Exercise details: An exact repetition of the data below, without images, is the expected answer.

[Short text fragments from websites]
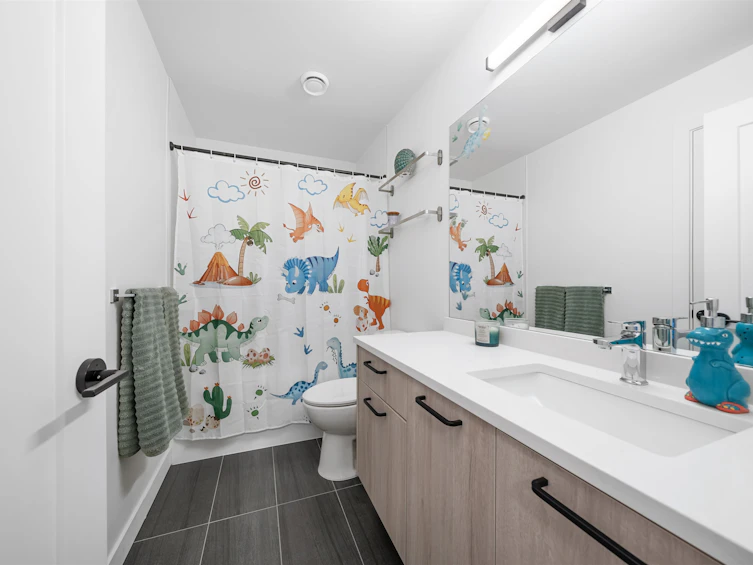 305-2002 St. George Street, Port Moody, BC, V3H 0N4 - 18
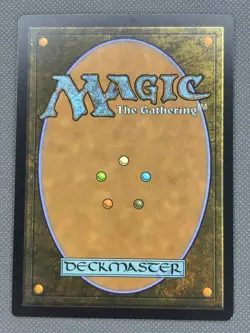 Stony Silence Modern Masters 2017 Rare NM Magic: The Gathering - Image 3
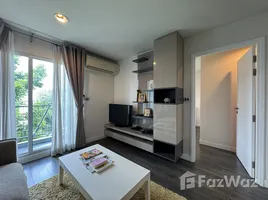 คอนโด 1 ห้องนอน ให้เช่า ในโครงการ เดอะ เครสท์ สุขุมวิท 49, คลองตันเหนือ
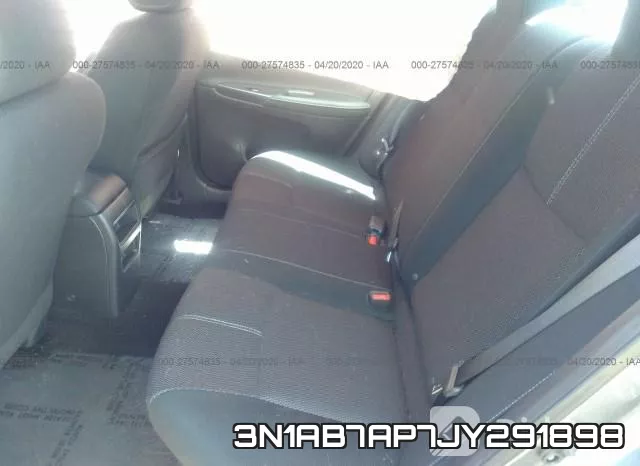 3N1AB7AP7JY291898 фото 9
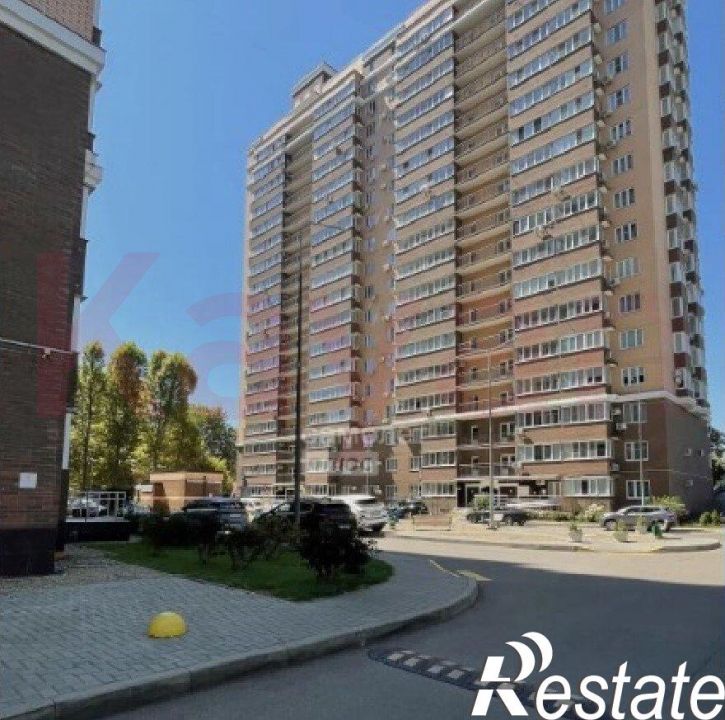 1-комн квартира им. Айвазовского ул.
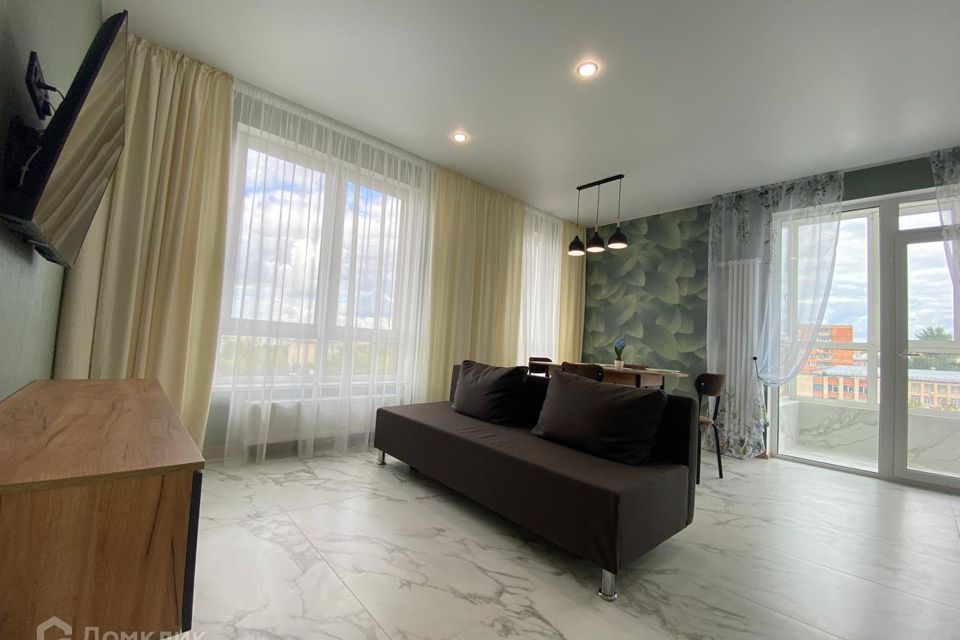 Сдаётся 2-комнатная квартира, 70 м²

Result for this exercise:
 305-2002 St. George Street, Port Moody, BC, V3H 0N4 - 18
 Stony Silence Modern Masters 2017 Rare NM Magic: The Gathering - Image 3
 คอนโด 1 ห้องนอน ให้เช่า ในโครงการ เดอะ เครสท์ สุขุมวิท 49, คลองตันเหนือ
 3N1AB7AP7JY291898 фото 9
 1-комн квартира им. Айвазовского ул.
 Сдаётся 2-комнатная квартира, 70 м²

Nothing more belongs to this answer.